Eu sei que as violações ao segredo de justiça e a troca de informações privilegiadas, não começaram com a detenção do ex-primeiro-ministro José Sócrates - transmitida em directo na CMTV -, nem com a transformação de processos como a "Operação Marquês", numa "mina de ouro", para os donos da televisão e do jornal.
As "condenações públicas" através da comunicação social começaram alguns anos antes, com o nosso primeiro grande caso mediático: a investigação sobre pedofilia na Casa Pia. Nessa altura o CM ainda não tinha o seu canal de televisão, mas a prisão de um deputado socialista na Assembleia da República, não deixou de ser transmitida em directo no nosso país...
Era o começo da era dos "juízes-justiceiros", que teria alguns anos depois em Carlos Alexandre o seu expoente máximo.
A partir daí passou a ser normal a divulgação de documentos em segredo de justiça, por parte do CM (quase em exclusividade vá-se lá saber porquê...).
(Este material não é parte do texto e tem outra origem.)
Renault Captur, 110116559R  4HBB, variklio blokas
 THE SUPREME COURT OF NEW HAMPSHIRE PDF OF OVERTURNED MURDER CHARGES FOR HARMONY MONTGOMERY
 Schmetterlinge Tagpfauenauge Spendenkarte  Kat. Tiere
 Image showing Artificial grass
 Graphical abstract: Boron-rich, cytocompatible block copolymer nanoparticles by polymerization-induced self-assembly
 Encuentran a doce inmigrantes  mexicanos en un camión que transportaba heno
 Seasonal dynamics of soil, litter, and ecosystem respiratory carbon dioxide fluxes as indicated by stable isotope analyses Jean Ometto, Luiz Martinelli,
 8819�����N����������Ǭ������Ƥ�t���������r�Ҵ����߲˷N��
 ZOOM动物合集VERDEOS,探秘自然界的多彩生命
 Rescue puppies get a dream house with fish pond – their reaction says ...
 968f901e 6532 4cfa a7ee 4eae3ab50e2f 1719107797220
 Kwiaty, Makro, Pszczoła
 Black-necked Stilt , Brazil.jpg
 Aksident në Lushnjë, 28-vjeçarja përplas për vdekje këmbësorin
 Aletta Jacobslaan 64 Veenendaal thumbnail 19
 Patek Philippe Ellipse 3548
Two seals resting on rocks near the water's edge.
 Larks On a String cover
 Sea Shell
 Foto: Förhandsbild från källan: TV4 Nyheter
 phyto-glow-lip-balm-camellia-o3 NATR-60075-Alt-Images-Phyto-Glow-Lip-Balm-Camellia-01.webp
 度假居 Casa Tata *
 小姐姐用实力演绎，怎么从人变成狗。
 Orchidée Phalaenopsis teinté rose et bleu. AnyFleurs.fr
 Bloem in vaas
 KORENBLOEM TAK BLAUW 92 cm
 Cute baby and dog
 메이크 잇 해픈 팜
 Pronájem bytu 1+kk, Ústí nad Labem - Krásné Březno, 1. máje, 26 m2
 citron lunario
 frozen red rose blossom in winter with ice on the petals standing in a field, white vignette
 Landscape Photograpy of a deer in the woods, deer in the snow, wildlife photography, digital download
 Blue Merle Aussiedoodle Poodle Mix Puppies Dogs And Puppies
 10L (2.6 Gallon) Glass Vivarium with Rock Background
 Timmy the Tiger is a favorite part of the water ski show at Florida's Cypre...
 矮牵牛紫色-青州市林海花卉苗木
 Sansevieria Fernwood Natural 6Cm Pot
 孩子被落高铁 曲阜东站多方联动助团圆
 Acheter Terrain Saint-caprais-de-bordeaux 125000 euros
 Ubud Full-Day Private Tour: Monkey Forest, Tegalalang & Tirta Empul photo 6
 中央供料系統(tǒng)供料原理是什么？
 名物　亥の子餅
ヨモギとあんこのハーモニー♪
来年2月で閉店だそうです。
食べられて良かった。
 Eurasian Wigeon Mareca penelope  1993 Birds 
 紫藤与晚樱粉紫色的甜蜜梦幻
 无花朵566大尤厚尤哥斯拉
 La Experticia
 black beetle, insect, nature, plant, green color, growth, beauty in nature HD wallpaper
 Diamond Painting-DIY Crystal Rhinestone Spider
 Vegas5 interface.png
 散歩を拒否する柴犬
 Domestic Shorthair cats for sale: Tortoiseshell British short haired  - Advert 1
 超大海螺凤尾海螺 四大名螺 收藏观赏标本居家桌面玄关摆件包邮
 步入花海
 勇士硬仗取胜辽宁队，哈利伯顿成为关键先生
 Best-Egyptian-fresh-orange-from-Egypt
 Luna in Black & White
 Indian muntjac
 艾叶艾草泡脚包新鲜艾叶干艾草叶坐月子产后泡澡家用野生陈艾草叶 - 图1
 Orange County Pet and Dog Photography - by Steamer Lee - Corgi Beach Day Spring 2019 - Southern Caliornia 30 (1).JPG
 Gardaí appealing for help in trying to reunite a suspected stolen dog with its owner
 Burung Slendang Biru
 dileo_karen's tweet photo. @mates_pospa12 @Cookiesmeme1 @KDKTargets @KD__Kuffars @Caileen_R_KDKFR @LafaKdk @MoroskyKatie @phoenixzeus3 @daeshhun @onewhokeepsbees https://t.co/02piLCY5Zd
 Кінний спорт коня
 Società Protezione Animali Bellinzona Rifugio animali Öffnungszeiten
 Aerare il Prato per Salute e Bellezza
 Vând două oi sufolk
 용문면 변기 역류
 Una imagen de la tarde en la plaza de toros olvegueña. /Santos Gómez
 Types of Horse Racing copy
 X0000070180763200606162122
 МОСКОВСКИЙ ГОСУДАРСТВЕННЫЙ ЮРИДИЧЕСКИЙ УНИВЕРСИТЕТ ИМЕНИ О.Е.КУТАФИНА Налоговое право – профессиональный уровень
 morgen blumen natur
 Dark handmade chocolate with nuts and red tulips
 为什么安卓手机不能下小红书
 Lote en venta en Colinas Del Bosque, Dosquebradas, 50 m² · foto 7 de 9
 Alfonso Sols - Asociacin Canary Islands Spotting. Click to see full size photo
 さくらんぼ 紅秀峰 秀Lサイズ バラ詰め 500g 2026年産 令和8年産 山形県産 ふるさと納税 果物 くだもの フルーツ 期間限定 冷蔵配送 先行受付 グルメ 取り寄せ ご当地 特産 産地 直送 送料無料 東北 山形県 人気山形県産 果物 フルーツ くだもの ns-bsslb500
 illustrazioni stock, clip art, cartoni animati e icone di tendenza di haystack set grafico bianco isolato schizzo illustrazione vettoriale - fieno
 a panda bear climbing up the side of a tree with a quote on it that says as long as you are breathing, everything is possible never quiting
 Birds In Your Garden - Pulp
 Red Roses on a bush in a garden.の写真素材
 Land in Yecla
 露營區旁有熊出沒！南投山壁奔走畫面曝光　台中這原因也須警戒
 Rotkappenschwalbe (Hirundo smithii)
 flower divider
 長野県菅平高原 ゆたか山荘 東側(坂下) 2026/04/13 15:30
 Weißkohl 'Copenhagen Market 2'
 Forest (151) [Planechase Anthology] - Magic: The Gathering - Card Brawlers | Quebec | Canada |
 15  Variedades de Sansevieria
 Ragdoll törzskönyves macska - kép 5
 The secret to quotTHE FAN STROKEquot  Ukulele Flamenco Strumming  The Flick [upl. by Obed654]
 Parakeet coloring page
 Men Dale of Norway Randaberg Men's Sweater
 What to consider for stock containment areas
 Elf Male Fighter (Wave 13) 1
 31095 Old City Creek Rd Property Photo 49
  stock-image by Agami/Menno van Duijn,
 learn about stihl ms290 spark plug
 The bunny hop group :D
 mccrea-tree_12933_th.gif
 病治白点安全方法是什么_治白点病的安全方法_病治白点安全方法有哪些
Graças a este "jornalismo justiceiro", vários arguidos foram "condenados" pela opinião pública antes dos seus casos transitarem em julgado e de serem absolvidos...
Mas nunca tinha acontecido uma coisa como a que está a acontecer através da operação "cartão vermelho", com a divulgação diária de conversas privadas (quase sempre sem qualquer relevância criminal) entre pessoas ligadas ao futebol e ao Benfica, com a respectiva chamada de primeira página do CM (e anúncio dado nos programas desportivos da CMTV).
O mais estranho disto tudo, é a aparente "normalidade" de toda a situação, com nenhuma tomada de posição, de quem de direito.
No mundo do futebol, o normal é assobiar para o ar, mas para bem da justiça portuguesa, era importante que alguém se manifestasse e tomasse uma posição firme, sobre mais esta violação diária, da vida privada de dezenas de pessoas.
A não ser que já tenhamos chegado a um ponto, em que "vale tudo, mesmo tudo, para vender jornais e ter audiências televisivas".